*WHAT YOU HAVE TO DO*
From the records below, output exactly the lines running from the line containing "I wanted to" through the line containing "To understand how", and no others.

*RECORDS FOR THIS EXERCISE*
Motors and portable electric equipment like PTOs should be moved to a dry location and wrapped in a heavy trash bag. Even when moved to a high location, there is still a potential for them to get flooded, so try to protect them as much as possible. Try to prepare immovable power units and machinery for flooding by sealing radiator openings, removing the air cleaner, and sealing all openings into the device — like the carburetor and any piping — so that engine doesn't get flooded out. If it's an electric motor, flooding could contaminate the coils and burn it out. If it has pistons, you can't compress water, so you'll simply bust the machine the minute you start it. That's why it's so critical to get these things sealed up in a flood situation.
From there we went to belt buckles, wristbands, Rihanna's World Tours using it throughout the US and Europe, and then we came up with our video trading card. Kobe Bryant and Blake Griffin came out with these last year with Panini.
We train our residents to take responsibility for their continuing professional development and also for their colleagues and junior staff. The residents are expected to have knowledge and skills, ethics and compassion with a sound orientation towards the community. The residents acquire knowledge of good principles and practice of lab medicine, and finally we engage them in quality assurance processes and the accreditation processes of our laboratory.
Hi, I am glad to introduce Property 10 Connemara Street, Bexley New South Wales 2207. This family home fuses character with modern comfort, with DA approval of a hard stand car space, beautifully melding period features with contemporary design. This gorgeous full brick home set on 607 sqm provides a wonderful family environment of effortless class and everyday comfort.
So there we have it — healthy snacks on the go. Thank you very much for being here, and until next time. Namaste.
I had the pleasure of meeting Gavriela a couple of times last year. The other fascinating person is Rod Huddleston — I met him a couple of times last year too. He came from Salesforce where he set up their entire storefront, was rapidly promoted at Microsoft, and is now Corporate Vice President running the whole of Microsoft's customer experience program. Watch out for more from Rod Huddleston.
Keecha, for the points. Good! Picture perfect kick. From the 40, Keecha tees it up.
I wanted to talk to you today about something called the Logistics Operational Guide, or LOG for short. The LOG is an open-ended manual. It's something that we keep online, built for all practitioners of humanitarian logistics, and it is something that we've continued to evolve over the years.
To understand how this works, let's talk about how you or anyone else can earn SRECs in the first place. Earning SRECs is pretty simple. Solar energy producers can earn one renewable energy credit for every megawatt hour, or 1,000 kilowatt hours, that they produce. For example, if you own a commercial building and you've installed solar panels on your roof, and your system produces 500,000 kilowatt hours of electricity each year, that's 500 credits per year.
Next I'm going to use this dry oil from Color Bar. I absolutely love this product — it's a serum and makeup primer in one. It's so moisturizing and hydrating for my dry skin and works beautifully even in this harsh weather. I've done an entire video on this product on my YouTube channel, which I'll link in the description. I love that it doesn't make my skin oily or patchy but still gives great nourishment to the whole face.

*YOUR RESPONSE*
I wanted to talk to you today about something called the Logistics Operational Guide, or LOG for short. The LOG is an open-ended manual. It's something that we keep online, built for all practitioners of humanitarian logistics, and it is something that we've continued to evolve over the years.
To understand how this works, let's talk about how you or anyone else can earn SRECs in the first place. Earning SRECs is pretty simple. Solar energy producers can earn one renewable energy credit for every megawatt hour, or 1,000 kilowatt hours, that they produce. For example, if you own a commercial building and you've installed solar panels on your roof, and your system produces 500,000 kilowatt hours of electricity each year, that's 500 credits per year.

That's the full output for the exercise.